John Severance, son of John, of Boston, was born in 1647. Of Suffield, Conn., 1679, he came thence to Deerfield before 1687, and settled on lot No. 36, drawn by Samuel Hinsdale, and occupied by Joshua Carter, now owned by William Sheldon. He married Mary ______. His son Daniel was killed when Castrine made his attack, in 1694. He soon after removed to Bedford, N. Y., where he was living in 1716. His father was ancestor of all bearing the name in the country.
John Sheldon, son of Isaac, of Northampton, was born in 1658. He married, in 1679, Hannah, daughter of John Stebbins, fifteen and a half years old. She was killed in the Old Indian House, Feb. 29, 1704. He was married again, in 1708, to Mrs. Elizabeth Pratt, of Hartford, Conn. He settled on lot No. 12, drawn by John Pynchon.

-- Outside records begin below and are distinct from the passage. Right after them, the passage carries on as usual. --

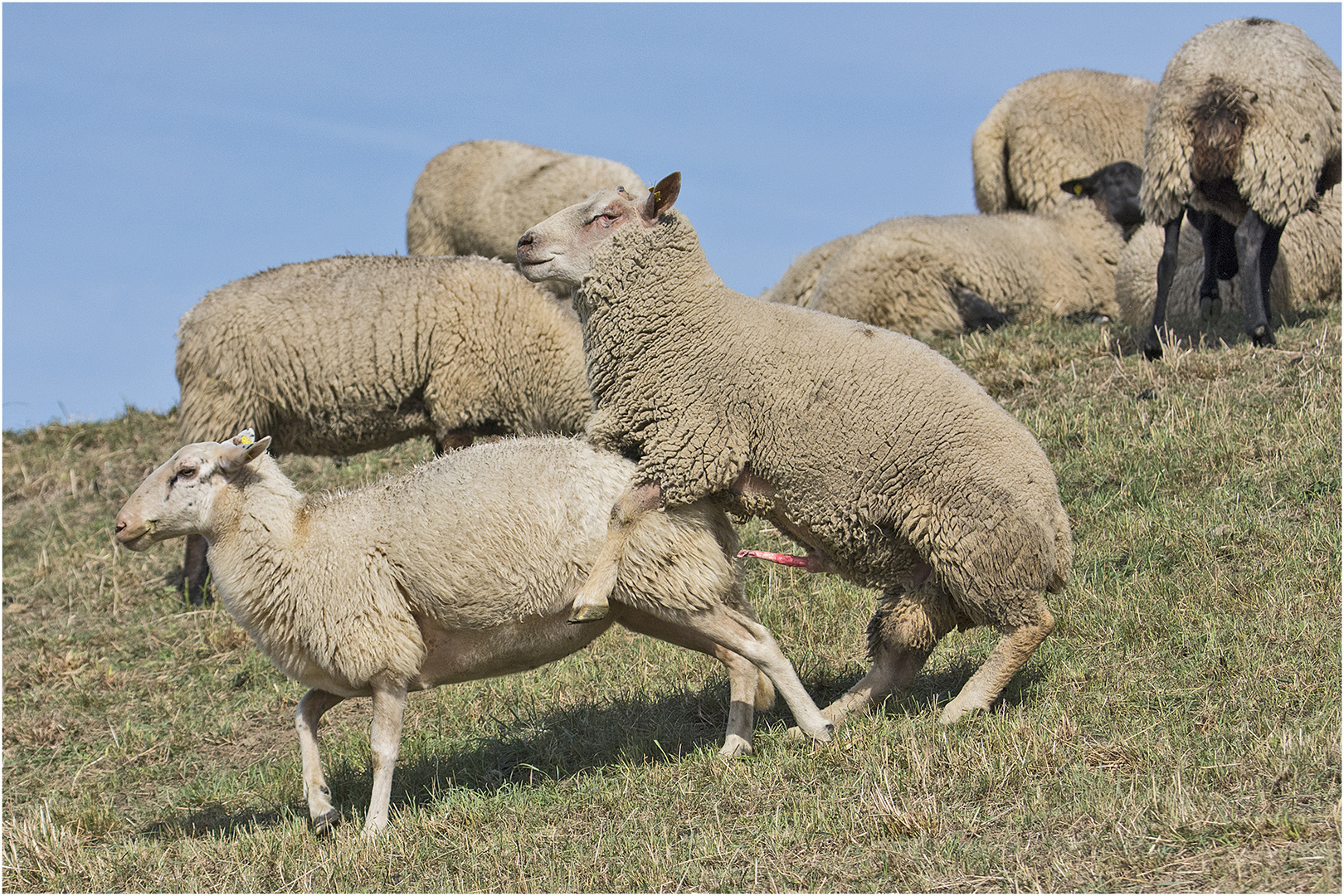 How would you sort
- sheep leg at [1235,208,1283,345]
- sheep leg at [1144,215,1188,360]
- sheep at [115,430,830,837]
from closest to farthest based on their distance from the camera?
sheep at [115,430,830,837]
sheep leg at [1235,208,1283,345]
sheep leg at [1144,215,1188,360]

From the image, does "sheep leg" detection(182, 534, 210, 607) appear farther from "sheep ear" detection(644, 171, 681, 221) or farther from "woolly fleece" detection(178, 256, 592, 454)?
"sheep ear" detection(644, 171, 681, 221)

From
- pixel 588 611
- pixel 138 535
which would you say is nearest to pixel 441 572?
pixel 588 611

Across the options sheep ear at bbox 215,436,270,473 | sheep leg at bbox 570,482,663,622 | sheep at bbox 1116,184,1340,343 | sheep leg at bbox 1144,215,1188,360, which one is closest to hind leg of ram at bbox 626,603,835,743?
sheep leg at bbox 570,482,663,622

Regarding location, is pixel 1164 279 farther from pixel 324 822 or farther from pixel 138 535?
pixel 138 535

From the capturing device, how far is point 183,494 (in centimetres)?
522

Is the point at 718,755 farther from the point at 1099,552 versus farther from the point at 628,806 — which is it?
the point at 1099,552

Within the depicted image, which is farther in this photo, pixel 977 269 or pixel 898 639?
pixel 977 269

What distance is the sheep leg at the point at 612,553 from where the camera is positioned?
16.0 ft

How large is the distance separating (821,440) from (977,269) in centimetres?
674

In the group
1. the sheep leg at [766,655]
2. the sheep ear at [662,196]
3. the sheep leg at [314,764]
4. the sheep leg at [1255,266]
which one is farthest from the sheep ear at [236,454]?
the sheep leg at [1255,266]

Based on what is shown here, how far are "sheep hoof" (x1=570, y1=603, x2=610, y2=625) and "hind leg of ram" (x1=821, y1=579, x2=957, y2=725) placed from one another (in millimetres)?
1069

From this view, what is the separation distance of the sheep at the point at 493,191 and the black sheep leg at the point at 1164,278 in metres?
6.34

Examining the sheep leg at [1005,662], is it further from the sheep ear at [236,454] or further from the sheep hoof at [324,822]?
the sheep ear at [236,454]

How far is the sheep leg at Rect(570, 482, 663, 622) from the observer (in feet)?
16.0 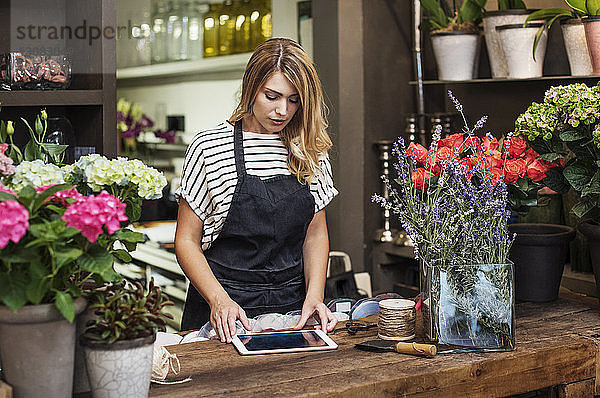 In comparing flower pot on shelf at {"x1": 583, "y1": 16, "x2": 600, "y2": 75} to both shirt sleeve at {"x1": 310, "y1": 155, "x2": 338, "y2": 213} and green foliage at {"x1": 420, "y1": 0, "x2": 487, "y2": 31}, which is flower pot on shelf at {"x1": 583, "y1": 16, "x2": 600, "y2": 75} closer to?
green foliage at {"x1": 420, "y1": 0, "x2": 487, "y2": 31}

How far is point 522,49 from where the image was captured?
9.53ft

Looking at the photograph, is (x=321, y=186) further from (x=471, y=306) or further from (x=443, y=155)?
(x=471, y=306)

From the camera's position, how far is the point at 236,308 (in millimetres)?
2168

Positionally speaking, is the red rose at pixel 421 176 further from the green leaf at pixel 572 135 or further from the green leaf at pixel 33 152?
the green leaf at pixel 33 152

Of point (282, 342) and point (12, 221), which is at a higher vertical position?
point (12, 221)

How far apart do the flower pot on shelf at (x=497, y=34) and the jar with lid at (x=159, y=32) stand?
93.5 inches

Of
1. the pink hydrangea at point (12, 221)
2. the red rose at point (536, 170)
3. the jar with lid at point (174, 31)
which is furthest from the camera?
the jar with lid at point (174, 31)

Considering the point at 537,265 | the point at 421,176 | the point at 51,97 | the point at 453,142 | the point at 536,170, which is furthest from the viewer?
the point at 51,97

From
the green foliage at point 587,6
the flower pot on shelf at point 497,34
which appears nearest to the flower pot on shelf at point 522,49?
the flower pot on shelf at point 497,34

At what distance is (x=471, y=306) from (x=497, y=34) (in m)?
1.50

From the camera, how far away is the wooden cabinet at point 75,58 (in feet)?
8.96

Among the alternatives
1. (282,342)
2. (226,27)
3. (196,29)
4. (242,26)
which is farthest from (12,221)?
(196,29)

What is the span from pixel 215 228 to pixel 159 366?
0.89 m

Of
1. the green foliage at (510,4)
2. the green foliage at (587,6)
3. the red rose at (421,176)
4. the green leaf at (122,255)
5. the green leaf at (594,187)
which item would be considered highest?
the green foliage at (510,4) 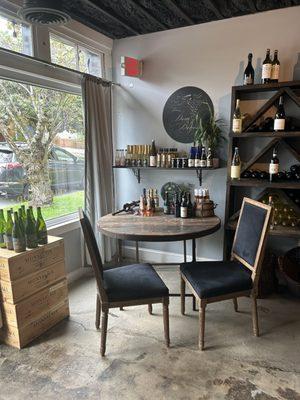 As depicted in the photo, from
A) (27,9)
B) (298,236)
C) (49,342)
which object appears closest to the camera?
(27,9)

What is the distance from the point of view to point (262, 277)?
9.38 feet

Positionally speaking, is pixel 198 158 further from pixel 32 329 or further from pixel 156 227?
pixel 32 329

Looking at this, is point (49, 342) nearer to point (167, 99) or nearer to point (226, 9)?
point (167, 99)

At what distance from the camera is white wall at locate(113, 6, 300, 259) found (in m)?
2.85

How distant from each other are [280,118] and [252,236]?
1.14 m

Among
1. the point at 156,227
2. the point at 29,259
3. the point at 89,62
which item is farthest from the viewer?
the point at 89,62

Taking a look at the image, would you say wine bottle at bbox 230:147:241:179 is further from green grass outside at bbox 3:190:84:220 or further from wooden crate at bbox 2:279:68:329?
wooden crate at bbox 2:279:68:329

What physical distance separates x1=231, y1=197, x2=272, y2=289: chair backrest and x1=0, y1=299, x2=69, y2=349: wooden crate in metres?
1.52

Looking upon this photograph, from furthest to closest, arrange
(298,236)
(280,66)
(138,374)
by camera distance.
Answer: (280,66), (298,236), (138,374)

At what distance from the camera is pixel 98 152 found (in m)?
3.32

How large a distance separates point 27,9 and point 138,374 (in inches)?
90.5

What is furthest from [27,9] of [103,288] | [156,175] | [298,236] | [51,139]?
[298,236]

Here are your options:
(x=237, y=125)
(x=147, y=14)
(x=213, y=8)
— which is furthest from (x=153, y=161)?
(x=213, y=8)

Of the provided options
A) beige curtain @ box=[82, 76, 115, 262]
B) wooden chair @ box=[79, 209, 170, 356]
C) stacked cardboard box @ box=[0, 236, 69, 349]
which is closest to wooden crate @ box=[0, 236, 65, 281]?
stacked cardboard box @ box=[0, 236, 69, 349] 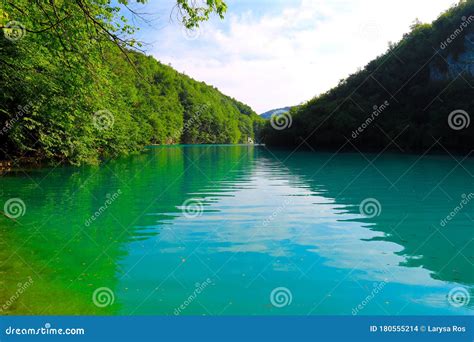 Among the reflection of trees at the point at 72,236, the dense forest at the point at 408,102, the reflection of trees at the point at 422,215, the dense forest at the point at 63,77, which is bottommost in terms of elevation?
the reflection of trees at the point at 72,236

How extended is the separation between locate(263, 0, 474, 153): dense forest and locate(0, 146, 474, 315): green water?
44049 mm

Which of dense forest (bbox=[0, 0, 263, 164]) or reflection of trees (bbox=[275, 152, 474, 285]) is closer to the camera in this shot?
dense forest (bbox=[0, 0, 263, 164])

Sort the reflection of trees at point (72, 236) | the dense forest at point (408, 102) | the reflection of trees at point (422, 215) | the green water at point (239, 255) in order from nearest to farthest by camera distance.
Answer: the green water at point (239, 255) < the reflection of trees at point (72, 236) < the reflection of trees at point (422, 215) < the dense forest at point (408, 102)

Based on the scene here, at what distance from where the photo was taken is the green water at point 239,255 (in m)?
6.17

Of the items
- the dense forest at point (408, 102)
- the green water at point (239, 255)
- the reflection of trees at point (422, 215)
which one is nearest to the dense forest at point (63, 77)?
the green water at point (239, 255)

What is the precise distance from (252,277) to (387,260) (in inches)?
122

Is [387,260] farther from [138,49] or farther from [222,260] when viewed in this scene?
[138,49]

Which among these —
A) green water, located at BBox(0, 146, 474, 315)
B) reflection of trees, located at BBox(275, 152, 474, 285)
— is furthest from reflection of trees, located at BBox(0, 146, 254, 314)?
reflection of trees, located at BBox(275, 152, 474, 285)

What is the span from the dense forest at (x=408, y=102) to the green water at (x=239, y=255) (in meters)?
44.0

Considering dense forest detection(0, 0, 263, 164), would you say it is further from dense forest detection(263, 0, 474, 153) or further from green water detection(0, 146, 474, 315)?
dense forest detection(263, 0, 474, 153)

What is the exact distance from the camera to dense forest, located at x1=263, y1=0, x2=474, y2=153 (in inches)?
2110

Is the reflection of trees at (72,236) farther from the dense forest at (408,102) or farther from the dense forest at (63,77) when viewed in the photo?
the dense forest at (408,102)

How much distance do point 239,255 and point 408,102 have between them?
Result: 238ft

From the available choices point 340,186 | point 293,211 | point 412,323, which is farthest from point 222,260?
point 340,186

On this lot he set up, about 1698, the historic building now known far and wide as the "Old Indian House." Active and influential from the first, he was constantly in office; was on the first board of selectmen and assessors, deacon at the organization of the church, and ensign in the first military company, appointed 1707. In 1704 his wife and one child were killed, and four children carried into captivity. To recover his children and friends from the enemy, Ensign Sheldon made a journey the next winter; on snow-shoes, through the trackless wilderness to Canada, returning in the spring with one daughter, a daughter of his minister, and several others. A second journey was made in the winter of 1706. August 1st of this year he arrived at Boston by sea with forty-four captives. Twice more he was sent on the same errand, the last time accompanied by his son John, in 1714. Died in Hartford, 1734.

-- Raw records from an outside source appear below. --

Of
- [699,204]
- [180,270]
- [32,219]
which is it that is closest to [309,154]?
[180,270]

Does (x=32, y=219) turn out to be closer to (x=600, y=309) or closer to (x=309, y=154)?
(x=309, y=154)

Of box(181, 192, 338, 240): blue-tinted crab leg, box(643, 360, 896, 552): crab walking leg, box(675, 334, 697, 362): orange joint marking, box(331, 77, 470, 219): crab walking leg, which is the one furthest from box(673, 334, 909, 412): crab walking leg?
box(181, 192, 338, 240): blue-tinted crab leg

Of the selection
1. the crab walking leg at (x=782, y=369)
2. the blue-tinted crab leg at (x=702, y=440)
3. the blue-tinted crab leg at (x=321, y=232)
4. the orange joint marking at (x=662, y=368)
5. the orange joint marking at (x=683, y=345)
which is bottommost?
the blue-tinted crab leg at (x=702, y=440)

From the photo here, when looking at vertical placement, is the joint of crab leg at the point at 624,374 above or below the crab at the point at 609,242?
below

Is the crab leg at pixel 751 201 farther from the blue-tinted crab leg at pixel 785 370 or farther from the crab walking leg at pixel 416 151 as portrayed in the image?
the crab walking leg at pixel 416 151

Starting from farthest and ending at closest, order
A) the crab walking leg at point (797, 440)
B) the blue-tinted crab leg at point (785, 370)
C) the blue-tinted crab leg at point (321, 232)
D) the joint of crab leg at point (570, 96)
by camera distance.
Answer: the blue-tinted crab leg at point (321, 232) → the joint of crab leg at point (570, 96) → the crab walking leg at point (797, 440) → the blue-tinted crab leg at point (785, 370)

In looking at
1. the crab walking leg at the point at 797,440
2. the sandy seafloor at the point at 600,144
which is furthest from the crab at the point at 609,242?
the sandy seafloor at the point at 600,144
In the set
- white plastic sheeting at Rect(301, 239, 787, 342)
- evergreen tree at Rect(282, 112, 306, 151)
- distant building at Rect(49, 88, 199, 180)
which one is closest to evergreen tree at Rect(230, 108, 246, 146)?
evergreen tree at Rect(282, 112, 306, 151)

John Stebbins, son of John, of Northampton, was born in 1647. He married, about 1684, Dorothy Alexander. He settled on lot No. 35, drawn by Samuel Hinsdale, now occupied by David Sheldon. In 1704 his entire family was captured. Only himself, his wife; and son John were redeemed. The other five children never came back. The three sons were alive in Canada in 1723; the two daughters had families then. His son, John, who returned from captivity, was the ancestor of all the Deerfield tribe of Stebbinses. Mr. Stebbins died in 1724, providing by will for his son, John, and grandson, Aaron Denio, with bequests to the other children, provided they return to the English colonies. Aaron Denio, ancestor of all of the name in New England, was a son of his daughter Abigail, who married James Denio here twenty-six days before the attack.

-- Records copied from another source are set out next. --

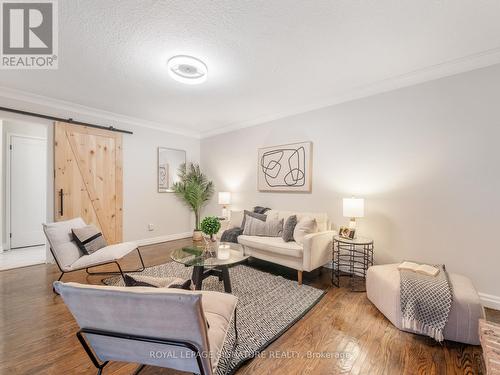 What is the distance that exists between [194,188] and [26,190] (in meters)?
3.18

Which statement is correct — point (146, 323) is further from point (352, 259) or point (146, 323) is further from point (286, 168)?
point (286, 168)

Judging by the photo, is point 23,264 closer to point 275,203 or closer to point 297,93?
point 275,203

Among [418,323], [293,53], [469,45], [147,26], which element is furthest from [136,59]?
[418,323]

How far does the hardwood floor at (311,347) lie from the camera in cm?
146

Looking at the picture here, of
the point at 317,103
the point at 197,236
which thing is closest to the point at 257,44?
the point at 317,103

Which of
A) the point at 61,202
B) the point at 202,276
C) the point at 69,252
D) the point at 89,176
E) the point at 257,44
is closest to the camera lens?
the point at 257,44

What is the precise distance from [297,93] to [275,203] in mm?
1899

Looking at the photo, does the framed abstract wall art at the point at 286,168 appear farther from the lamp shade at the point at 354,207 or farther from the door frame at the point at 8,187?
the door frame at the point at 8,187

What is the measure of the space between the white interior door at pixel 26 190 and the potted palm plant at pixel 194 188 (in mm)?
2432

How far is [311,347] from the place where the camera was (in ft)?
5.42

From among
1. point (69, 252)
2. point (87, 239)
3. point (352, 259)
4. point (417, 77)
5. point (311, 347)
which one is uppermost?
point (417, 77)

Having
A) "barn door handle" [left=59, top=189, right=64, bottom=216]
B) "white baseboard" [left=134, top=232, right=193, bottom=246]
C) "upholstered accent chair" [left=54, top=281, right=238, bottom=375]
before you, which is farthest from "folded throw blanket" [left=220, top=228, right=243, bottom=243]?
"barn door handle" [left=59, top=189, right=64, bottom=216]

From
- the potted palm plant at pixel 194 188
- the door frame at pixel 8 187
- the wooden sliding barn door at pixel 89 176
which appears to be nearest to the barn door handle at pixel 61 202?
the wooden sliding barn door at pixel 89 176

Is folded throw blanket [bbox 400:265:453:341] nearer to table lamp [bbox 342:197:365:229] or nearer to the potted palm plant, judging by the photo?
table lamp [bbox 342:197:365:229] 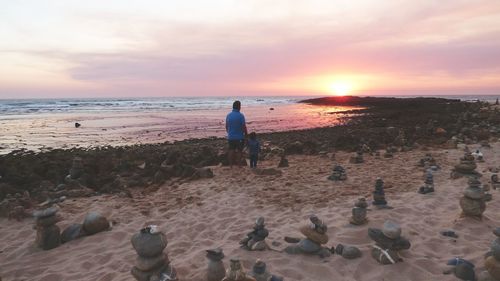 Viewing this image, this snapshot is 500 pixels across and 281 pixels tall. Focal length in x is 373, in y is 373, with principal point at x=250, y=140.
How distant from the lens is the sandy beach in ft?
15.9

Jonathan Wells, son of Thomas, of Hadley, was born in 1659. He married, in 1682, Hepzibah Colton, of Springfield, and again, in 1698, Sarah, widow of Joseph Barnard. Settled on lot No. 16, drawn by Peter Woodward; now owned by Josiah Fogg and Mrs. Higginson. At the age of sixteen he was a soldier under Capt. Turner, and the boy-hero of the Falls fight, where he was wounded and left behind. Two days and nights of solitary wandering brought him home in a pitiable condition. In 1704 his house was fortified and successfully defended. He had succeeded to his brother as lieutenant, and had command of the garrison at this time, and the fatal pursuit in the meadows was in defiance of his orders. He was a prominent figure in military and civil affairs for more than fifty years. He was the first justice of the peace, and in his later years was known as "Justice Wells," a title higher than that of captain. He was representative in 1692-98. He died 1737. No representatives of this family have been here for nearly a century.
Thomas Wells, brother of Jonathan, was born in 1652. He married, in 1673, Hepzibah Buel, of Windsor, Conn. As lieutenant he commanded the first military company organized here; his commission, signed by Andross in 1688, is in the archives of the Pocomptuck Valley Memorial Association. He settled on lot No. 2, drawn by Eleazer Luther, and now owned by Jonathan Ashley, where a terrible tragedy was enacted June 6, 1694, his widow and three children being tomahawked by a party of Indians. His son, John, was with Ensign Sheldon on his first journey to Canada, and was killed while on a scout up the river in 1709. Lieut. Wells died in 1691. His son, Thomas, a captain and ranger in Rasle's war, died in 1750, the last male descendant.